──────── Dataset entries

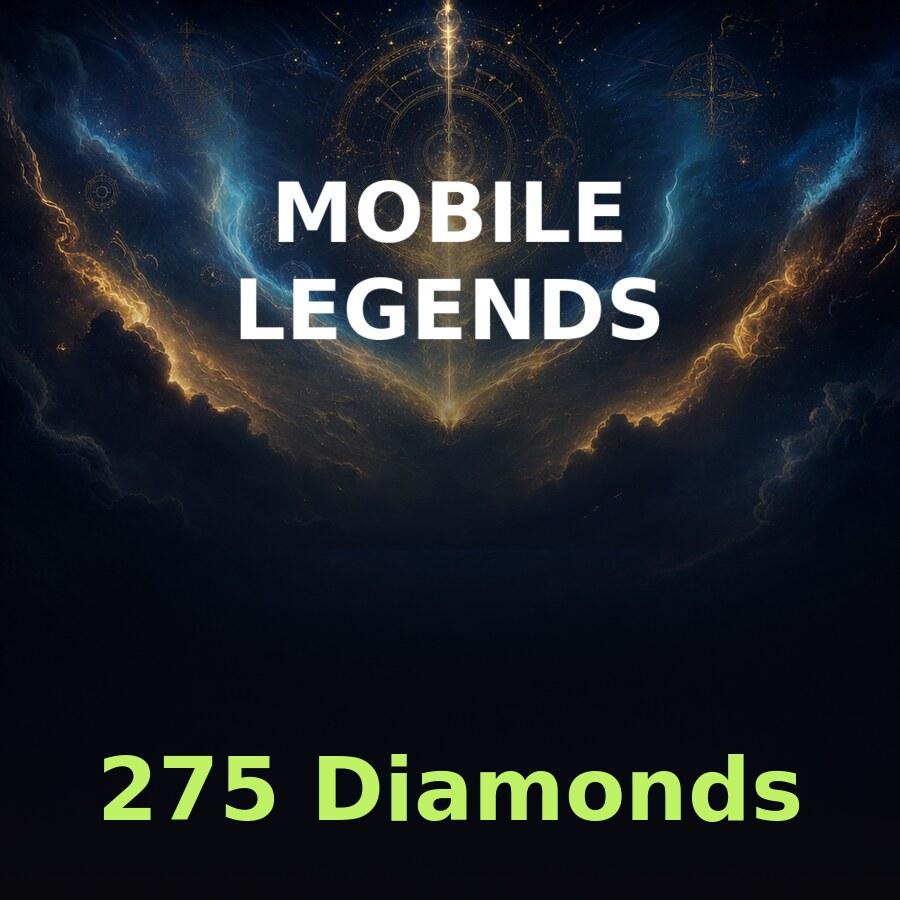 Пополнение Mobile Legends: 275 алмазов по ID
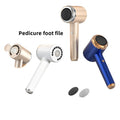 Cordless USB Foot File for Home Pedicure Professional Portable Callus Remover with LED Display and DC Power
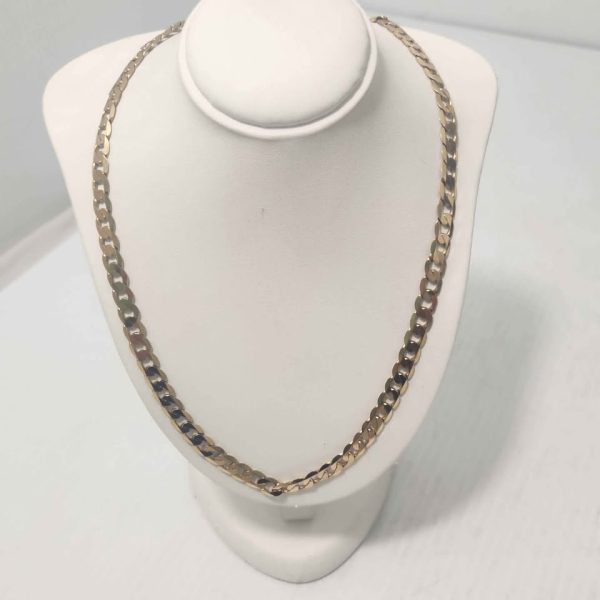 MENS 9CT YELLOW GOLD NECKLACE #GN320002 - Image 5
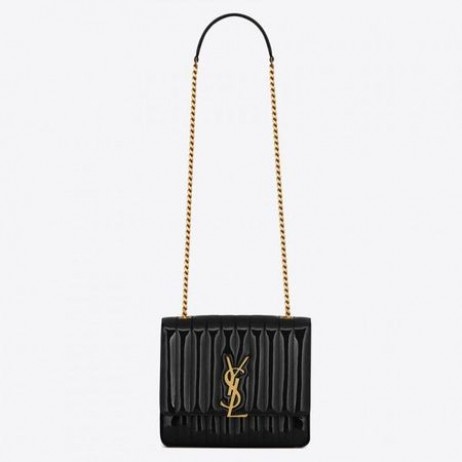 Saint Laurent Large Vicky Bag Black Patent Leather Saint Laurent Bags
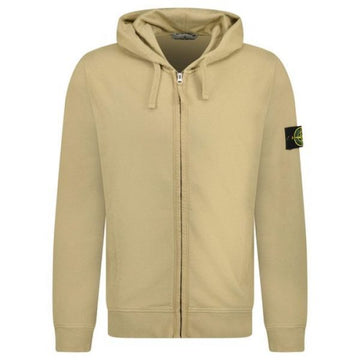 STONE ISLAND ブ brushed organic cotton fleece full zipper hooded sweatshirt 150744654 [P]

────────────────

# Work order
The answer consists solely of the lines from the one holding "Cordless USB Foot" through the last line of the entries above, set down verbatim, without any pictures.

# Worked solution
 Cordless USB Foot File for Home Pedicure Professional Portable Callus Remover with LED Display and DC Power
 MENS 9CT YELLOW GOLD NECKLACE #GN320002 - Image 5
 Saint Laurent Large Vicky Bag Black Patent Leather Saint Laurent Bags
 STONE ISLAND ブ brushed organic cotton fleece full zipper hooded sweatshirt 150744654 [P]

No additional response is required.